The Soqosoqo ni Vakavulewa ni Taukei (SVT), occasionally known in English as Fijian Political Party, was a party which dominated politics in the 1990s and was the mainstay of coalition governments from 1992 to 1999.
The party was founded in 1990 as the political vehicle of the Great Council of Chiefs, with the declared goal of uniting all indigenous Fijians. A new constitution promulgated in 1990, following two military coups in 1987, abolished the "national" parliamentary seats elected by universal suffrage (which had comprised almost half the House of Representatives); all members henceforth were to be elected by enrolled voters on "communal" electoral roles that were limited to specific ethnic communities, each of which had an allocated number of seats in the House (37 indigenous Fijians, 27 Indo-Fijians, 1 Rotuman, and 5 General Electors (Europeans, Chinese, Banaban Islanders, and other minorities). The end to multiracial voting resulted in a trend towards intracommunal politics, and multiracial parties like the old Alliance Party of longtime Prime Minister Ratu Sir Kamisese Mara were therefore dissolved and replaced by parties representing principally a single ethnic group.
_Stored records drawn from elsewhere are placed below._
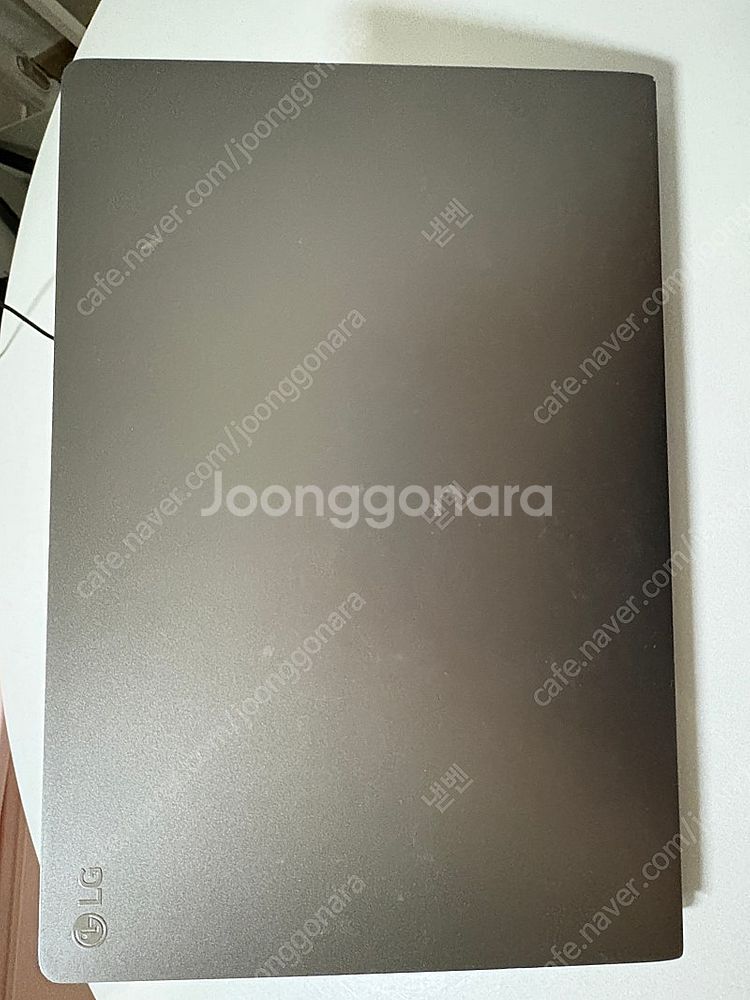 LG 그램 13인치--1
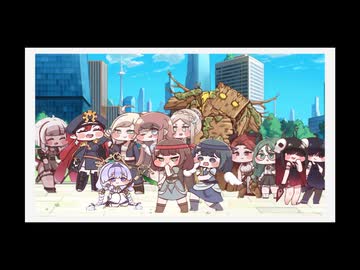 キュウイの中の永遠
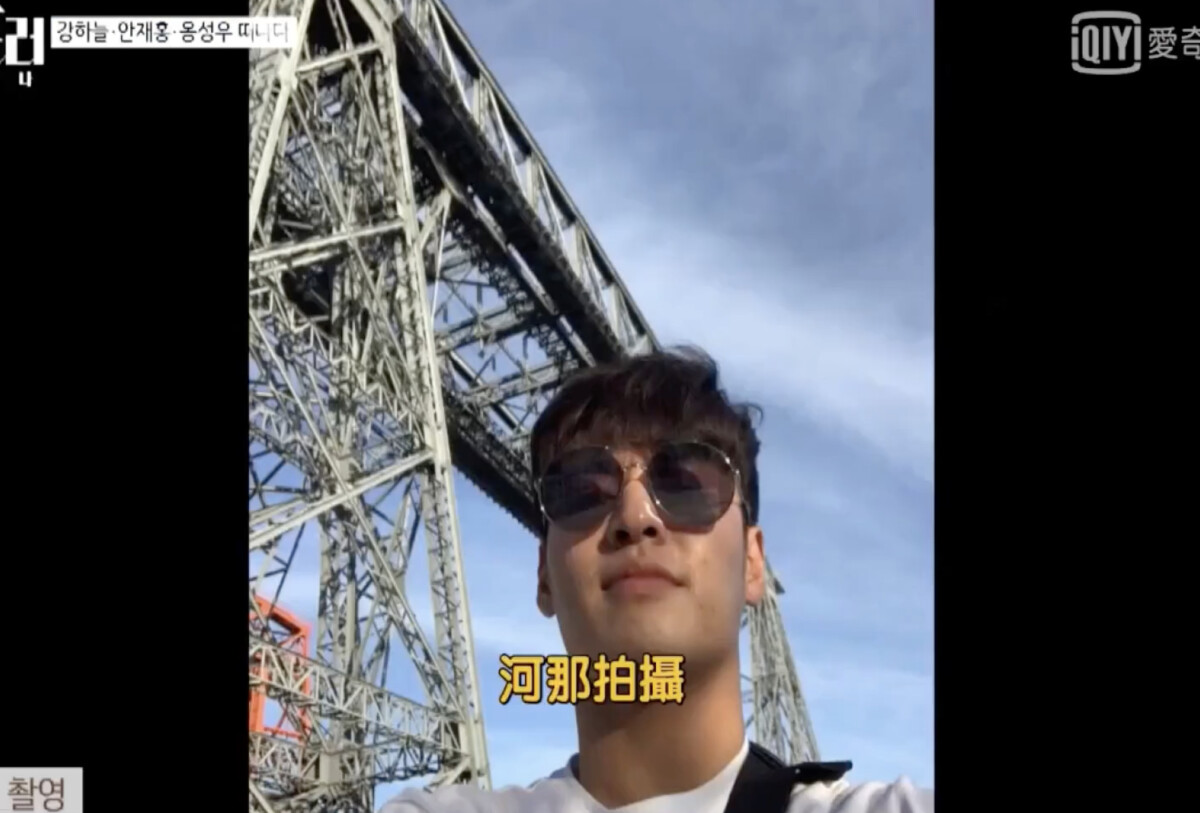 韓劇男神「拍照方法」！玄彬「紮馬步」幫孫藝珍拍照，李準基很俏皮，李棟旭自拍好頭痛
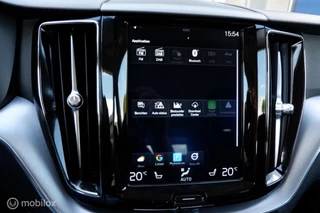 Volvo XC60 Volvo XC60 2.0 D4 190PK GEARTRONIC8 MOMENTUM PRO STYLING PACK | CAMERA | BLIS | LEDER - afbeelding nr 25
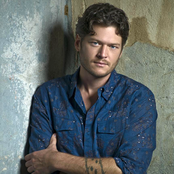 Blake Shelton - List pictures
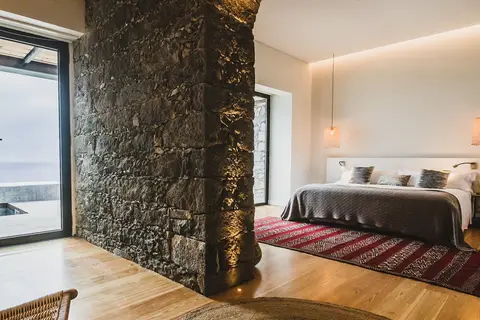 Sensi Azores, Nature and Spa in Ponta Delgada — foto 3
Ratu Mara had announced his intention not to contest the election that was to be held in 1992, but his wife, Ro Lady Lala Mara, a chief in her own right as the Roko Tui Dreketi, or Paramount Chief of Burebasaga, one of three hierarchies to which all Fijian chiefs belong in the House of Chiefs, seemed a natural choice to lead a new party as the successor to his. In addition to the Great Council of Chiefs, the powerful Methodist Church also endorsed the party.